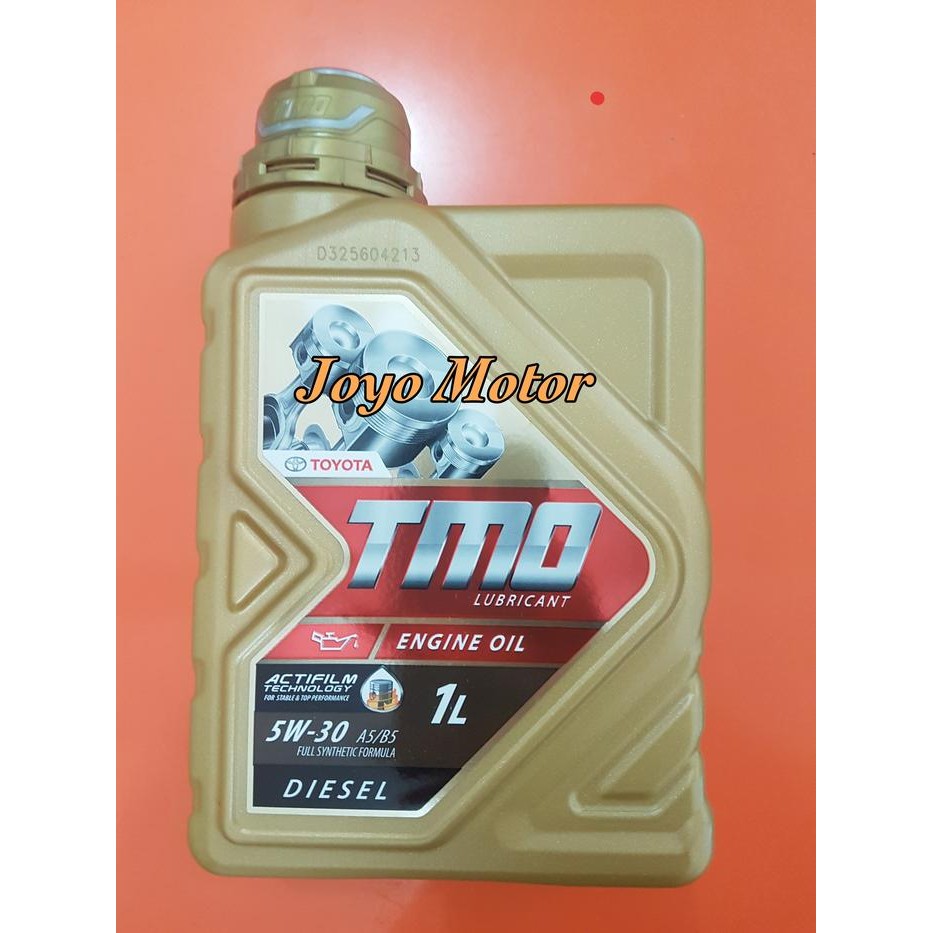 OLI MESIN DIESEL TMO TOYOTA MOTOR OIL SAE 5W-30 KEMASAN 1 LITER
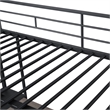 Furniture of America Jaron Metal Full Loft Bed with Attached Ladders in Black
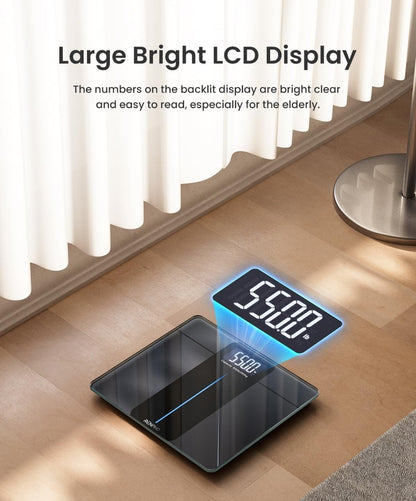 Digital Bathroom Scale w/ Large LED Display, Big Platform Weighing Machine Extra-High Capacity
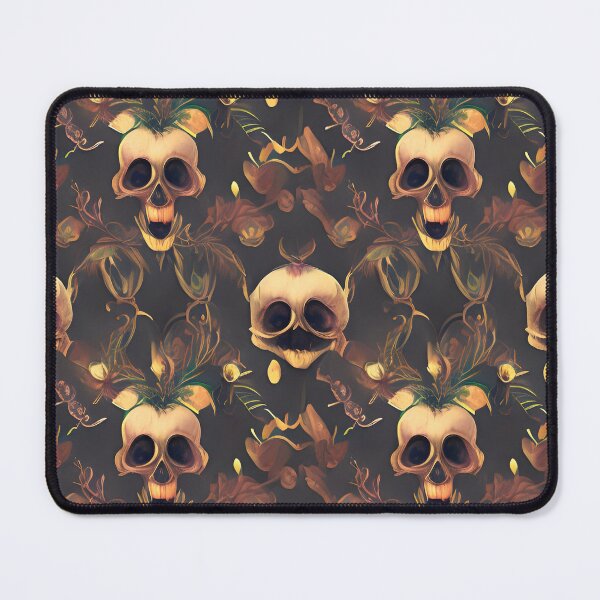 Item preview, Halloween Skull Pattern designed and sold by Indie-Chille.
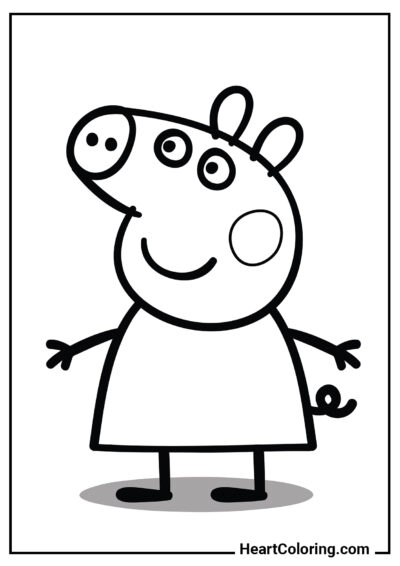 Peppa Wutz - Ausmalbilder von Peppa Pig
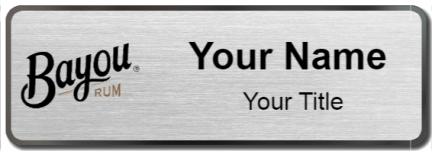 Custom name badges for Bayou Rum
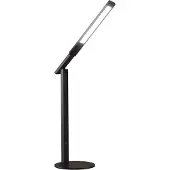 FABAS LUCE Ideal - schwarze Tischlampe - Integrierte 10-W-LED, Touch-dimmbar, CCT (3000 K, 4000 K, 5000 K, 6000 K)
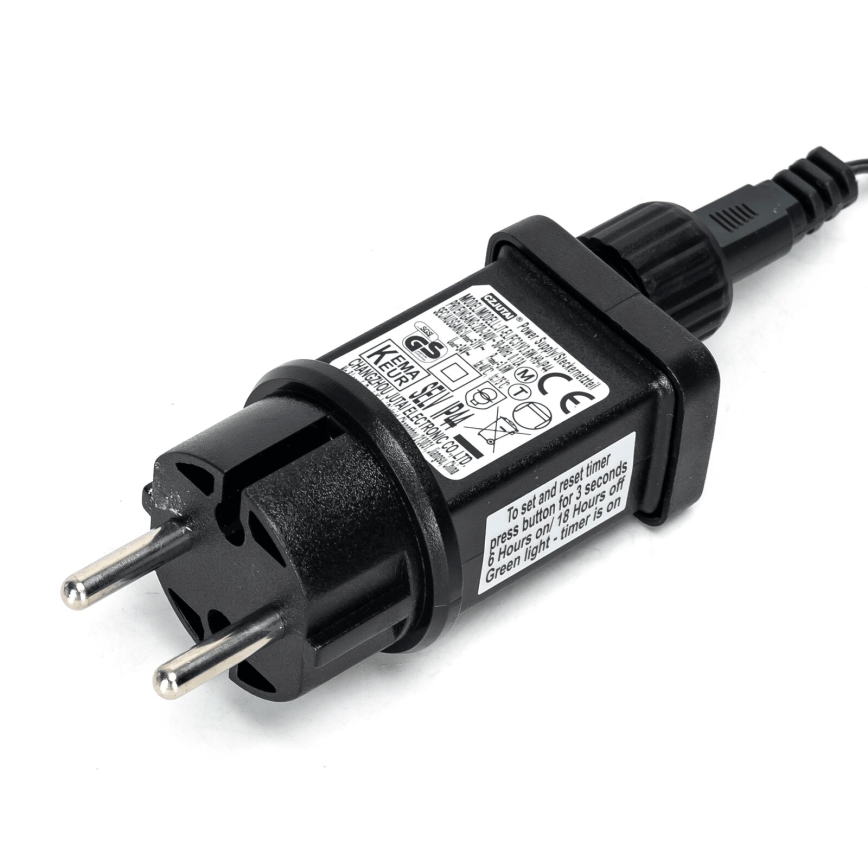 Aigostar - LED utomhusljusslinga för jul, 400 LED, 8 funktioner, 23 m, IP44, varmvit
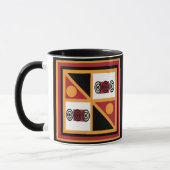 Abstraktes afrikanisches Stammesmuster Tasse (Links)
--------
YOUR ASSIGNMENT: Write out the data above exactly as it appears, but without any image.

EXPECTED OUTPUT:
 OLI MESIN DIESEL TMO TOYOTA MOTOR OIL SAE 5W-30 KEMASAN 1 LITER
 Furniture of America Jaron Metal Full Loft Bed with Attached Ladders in Black
 Digital Bathroom Scale w/ Large LED Display, Big Platform Weighing Machine Extra-High Capacity
 Item preview, Halloween Skull Pattern designed and sold by Indie-Chille.
 Peppa Wutz - Ausmalbilder von Peppa Pig
 Custom name badges for Bayou Rum
 FABAS LUCE Ideal - schwarze Tischlampe - Integrierte 10-W-LED, Touch-dimmbar, CCT (3000 K, 4000 K, 5000 K, 6000 K)
 Aigostar - LED utomhusljusslinga för jul, 400 LED, 8 funktioner, 23 m, IP44, varmvit
 Abstraktes afrikanisches Stammesmuster Tasse (Links)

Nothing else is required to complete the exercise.